Türk Deniz Kuvvetleri, Karadeniz’ de güvenliğin sahildar ülkeler tarafından kolaylıkla sağlanabileceğini göstermek üzere, 1 Mart 2004 tarihinde Karadeniz Uyumu (Blacksea Harmony) Harekâtı’ na başladı.
Artık Türk gemileri, Karadeniz’ de keşif ve karakol yapıyordu. 2006 yılında da Rusya sürece katıldı.
Batı’ nın sinsi taleplerine gem vurulurken, bütün kıyı ülkelerinin katılımıyla 2 Nisan 2011 günü, İstanbul’ da Karadeniz Ortak Deniz Kuvveti’ nin (Black Seafor) kuruluşu, ilân edildi.
Konumuza kaldığımız yerden devam edeceğiz.
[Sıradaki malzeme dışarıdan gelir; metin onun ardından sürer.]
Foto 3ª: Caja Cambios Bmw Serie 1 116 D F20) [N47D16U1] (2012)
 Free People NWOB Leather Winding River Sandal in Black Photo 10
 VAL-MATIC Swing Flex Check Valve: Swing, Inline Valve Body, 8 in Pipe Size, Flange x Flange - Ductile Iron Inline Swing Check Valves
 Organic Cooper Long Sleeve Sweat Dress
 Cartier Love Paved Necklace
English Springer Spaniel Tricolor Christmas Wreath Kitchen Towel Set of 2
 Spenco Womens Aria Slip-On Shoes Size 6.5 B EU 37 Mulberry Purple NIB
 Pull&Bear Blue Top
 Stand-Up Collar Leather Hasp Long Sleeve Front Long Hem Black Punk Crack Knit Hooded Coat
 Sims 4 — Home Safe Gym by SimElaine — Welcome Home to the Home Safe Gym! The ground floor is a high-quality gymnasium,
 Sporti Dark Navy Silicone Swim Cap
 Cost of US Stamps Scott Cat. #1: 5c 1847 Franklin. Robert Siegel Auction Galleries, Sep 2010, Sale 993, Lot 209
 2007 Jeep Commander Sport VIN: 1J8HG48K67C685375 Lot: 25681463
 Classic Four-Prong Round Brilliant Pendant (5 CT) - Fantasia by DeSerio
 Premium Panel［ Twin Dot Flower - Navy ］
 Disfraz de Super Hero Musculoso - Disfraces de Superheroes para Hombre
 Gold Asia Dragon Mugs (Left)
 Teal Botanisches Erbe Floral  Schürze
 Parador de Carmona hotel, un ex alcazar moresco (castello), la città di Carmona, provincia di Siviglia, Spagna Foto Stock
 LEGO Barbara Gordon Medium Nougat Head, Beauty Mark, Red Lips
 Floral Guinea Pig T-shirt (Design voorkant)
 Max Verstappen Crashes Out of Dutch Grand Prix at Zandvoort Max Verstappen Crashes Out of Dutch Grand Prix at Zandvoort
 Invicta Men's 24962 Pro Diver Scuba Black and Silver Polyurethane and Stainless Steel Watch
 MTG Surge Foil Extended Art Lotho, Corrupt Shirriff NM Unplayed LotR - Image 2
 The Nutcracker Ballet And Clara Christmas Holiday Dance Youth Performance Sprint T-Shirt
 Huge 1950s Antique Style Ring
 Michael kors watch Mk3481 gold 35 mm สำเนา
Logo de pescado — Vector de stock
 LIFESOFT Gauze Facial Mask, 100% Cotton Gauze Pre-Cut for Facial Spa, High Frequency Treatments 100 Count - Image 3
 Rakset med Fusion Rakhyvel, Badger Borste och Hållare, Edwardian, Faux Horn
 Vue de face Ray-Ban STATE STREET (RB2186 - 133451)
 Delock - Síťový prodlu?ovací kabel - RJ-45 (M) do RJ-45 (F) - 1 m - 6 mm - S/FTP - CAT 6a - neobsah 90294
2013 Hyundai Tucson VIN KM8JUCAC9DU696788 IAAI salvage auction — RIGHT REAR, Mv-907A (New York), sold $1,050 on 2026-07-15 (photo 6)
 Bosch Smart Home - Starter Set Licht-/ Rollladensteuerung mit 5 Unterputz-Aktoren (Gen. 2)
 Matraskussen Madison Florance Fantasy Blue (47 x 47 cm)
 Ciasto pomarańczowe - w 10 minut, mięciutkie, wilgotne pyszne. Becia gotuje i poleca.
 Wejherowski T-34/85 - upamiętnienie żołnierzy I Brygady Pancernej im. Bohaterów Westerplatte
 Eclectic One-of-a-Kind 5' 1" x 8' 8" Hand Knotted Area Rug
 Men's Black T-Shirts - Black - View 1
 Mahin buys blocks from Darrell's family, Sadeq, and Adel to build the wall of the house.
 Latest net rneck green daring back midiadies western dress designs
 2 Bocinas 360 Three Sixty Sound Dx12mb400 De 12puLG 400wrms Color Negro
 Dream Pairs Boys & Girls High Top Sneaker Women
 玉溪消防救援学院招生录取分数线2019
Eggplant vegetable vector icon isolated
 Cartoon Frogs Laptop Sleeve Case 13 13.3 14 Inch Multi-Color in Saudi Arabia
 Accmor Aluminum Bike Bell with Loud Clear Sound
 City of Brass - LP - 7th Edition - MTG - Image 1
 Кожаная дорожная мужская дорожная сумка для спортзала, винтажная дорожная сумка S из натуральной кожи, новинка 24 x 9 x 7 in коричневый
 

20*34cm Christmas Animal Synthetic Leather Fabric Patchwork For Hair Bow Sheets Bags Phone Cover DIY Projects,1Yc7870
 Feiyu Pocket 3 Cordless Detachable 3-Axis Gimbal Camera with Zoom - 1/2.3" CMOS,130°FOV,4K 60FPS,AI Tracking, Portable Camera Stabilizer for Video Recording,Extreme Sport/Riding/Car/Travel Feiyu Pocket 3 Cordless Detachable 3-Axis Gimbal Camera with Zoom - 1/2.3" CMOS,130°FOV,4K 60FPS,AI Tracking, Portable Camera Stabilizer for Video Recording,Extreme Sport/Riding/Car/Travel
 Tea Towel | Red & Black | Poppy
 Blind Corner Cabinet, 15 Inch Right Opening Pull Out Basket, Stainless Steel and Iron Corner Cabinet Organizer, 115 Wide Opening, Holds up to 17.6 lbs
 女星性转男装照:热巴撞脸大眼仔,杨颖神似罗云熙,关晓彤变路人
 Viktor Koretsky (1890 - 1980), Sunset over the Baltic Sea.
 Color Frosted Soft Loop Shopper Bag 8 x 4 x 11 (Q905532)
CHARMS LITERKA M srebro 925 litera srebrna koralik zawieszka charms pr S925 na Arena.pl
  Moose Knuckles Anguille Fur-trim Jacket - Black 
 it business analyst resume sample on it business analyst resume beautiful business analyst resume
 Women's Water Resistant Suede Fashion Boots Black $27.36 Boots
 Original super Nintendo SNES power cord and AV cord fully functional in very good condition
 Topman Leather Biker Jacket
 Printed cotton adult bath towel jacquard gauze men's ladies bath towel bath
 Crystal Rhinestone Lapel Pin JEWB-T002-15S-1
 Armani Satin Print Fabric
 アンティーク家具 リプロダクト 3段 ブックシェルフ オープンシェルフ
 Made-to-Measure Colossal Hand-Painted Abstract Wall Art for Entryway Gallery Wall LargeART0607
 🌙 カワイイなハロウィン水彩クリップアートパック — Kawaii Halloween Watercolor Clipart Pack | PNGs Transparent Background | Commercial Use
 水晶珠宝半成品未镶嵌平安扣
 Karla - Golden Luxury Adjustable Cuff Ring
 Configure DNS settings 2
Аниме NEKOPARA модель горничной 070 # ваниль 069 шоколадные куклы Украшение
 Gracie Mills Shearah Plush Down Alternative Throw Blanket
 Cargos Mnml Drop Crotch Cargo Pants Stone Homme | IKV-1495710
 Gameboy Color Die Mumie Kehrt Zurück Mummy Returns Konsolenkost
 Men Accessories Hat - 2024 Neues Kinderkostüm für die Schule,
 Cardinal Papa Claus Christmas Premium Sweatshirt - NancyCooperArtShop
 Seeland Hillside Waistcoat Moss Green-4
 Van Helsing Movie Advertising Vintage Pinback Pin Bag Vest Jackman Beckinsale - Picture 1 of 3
Gelecek yazı: ABD VE NATO’ NUN MONTRÖ’ YÜ DEĞİŞTİRME ÇABALARI…
***
GÜNÜN NOTU: Arşivi karıştırırken ilgimi çekti. Efsanevi ağır sıklet boks şampiyonu Muhammed Ali’ye ait, ABD’nin Michigan eyaletindeki Berren Springs’de St. Joseph Nehri’ ne uzun bir kıyısı bulunan 328 dönüm araziyle birlikte çiftlik, yaklaşık 2.5 milyon dolara satılmış. Çiftlik ve arazisini, Türkiye’ de kamu yararına vakıf olarak faaliyet gösterdiği için devlete vergi vermeyen bir vakıf satın almış. (NTV. A.A, 11/01/2019)
Çok şükür, paramız bol!
Gününüz aydınlık ve esenlik dolu olsun!